Emerging markets: the top performers in 2006

As far as the top-performing individual markets are concerned, it’s the usual story, says Frederik Balfour in BusinessWeek: “exotic locales” with small, relatively illiquid markets delivered the best returns. Peru’s Lima General Index topped this year’s table, rocketing by 190% this year in dollar terms as exports of copper, gold and natural gas underpinned GDP growth of 7.5%. Buoyant oil revenues boosted Venezuela. Vietnam, Asia’s other Communist dynamo, finished second with a jump of more than 150%, and there is plenty of scope for further gains over the long term. Vietnam is “one of the few genuine competitors to China, offering cheaper labour costs”, notes New Star, while foreign investment is set to rise further.

China notched up the best run by a major market. The Shanghai index has more than doubled, thanks to a series of market reforms that allayed concerns over corporate governance and non-tradeable government stock; it has begun to reflect confidence in China’s prospects. Another theme emerging from the top ten is the ongoing convergence of eastern Europe with the EU – or mounting confidence following EU entry, as has been the case in Cyprus.

The prospect of EU membership next year has propelled Bulgaria’s GDP growth to a record 6.7%. Emerging Europe still offers “particularly healthy growth prospects”, according to New Star, while emerging markets guru Mark Mobius has upped his Templeton Emerging Markets Investment Trust’s Russian exposure to 7.9% from 5.3% as firm oil prices bode well for the market.

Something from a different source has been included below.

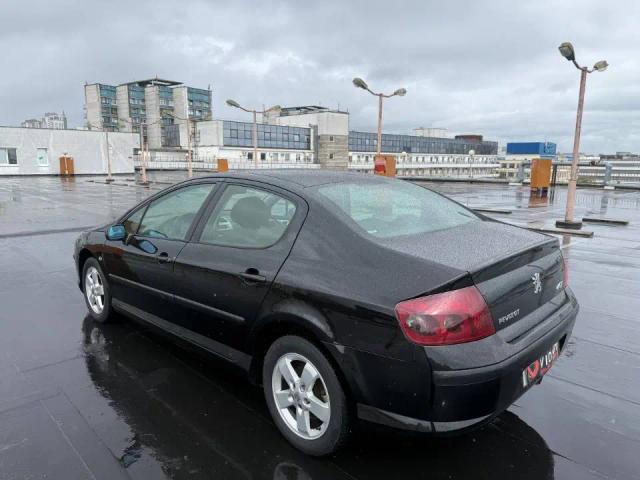 PEUGEOT 407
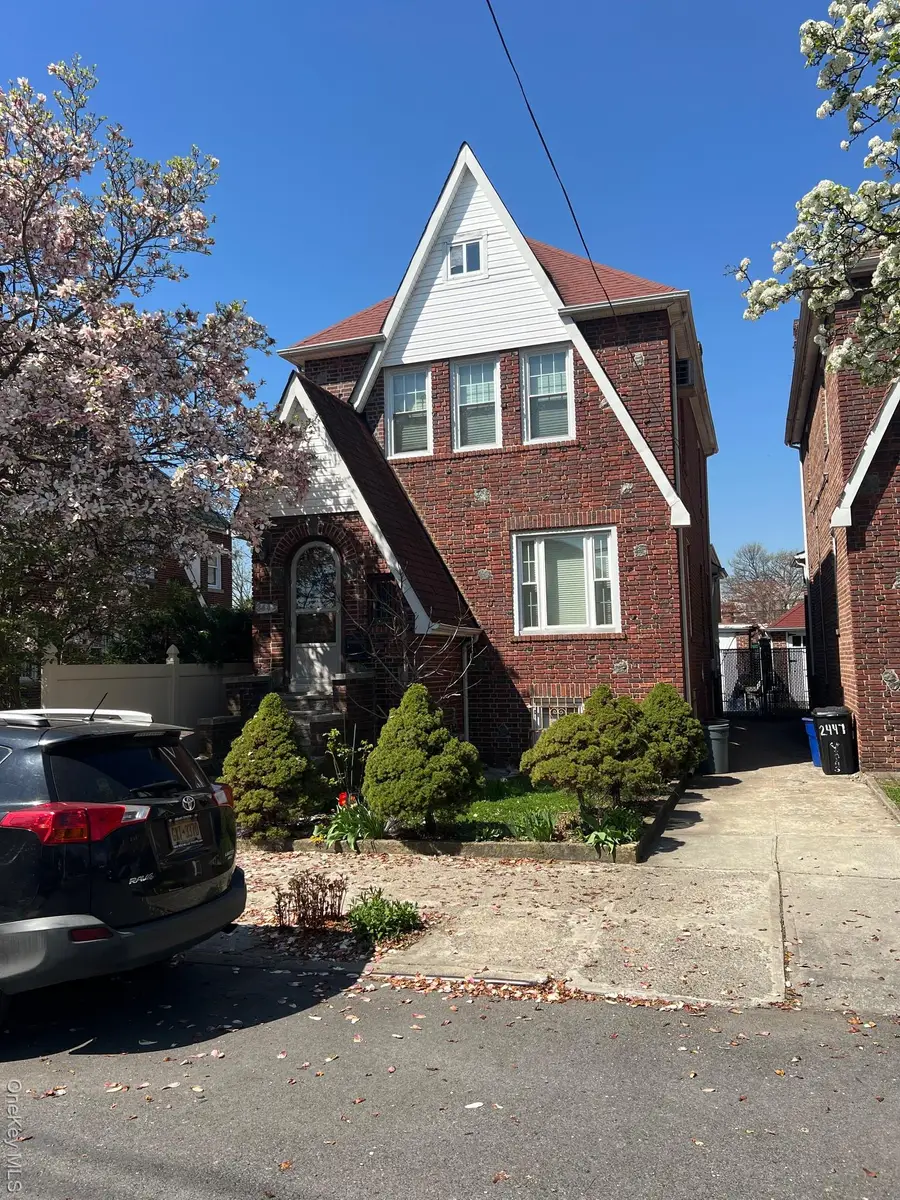 2445 Yates Avenue, Bronx, NY 10469 - #2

Indonesia, Asia’s second-best performer this year, finishing 11th, is benefiting from strong domestic demand and the prospect of investments in infrastructure, although the market is no longer cheap on a p/e of 18. Another market whose potential MoneyWeek has repeatedly highlighted is India, which finished just outside of the top ten with a dollar gain of 43%.

Merrill Lynch points out that some of 2005’s top performers finished near the bottom of the table this year, a reminder of how quickly liquidity can rotate out of small developing markets. The burst bubble in the Gulf ensured that these markets limped home last in 2006.

Meanwhile, one market looking unlikely to attract much liquidity any time soon is Thailand, Asia’s worst performer in 2006. The SET index plunged this week as the military government imposed capital controls on foreign equity investors; the rattled authorities promptly performed a U-turn. Meanwhile, the market is cheap, but the post-coup uncertainty threatens growth and interest rate cuts are overdue, as CLSA’s Christopher Wood notes. “Thailand will become a great value buy one day”, but just not now.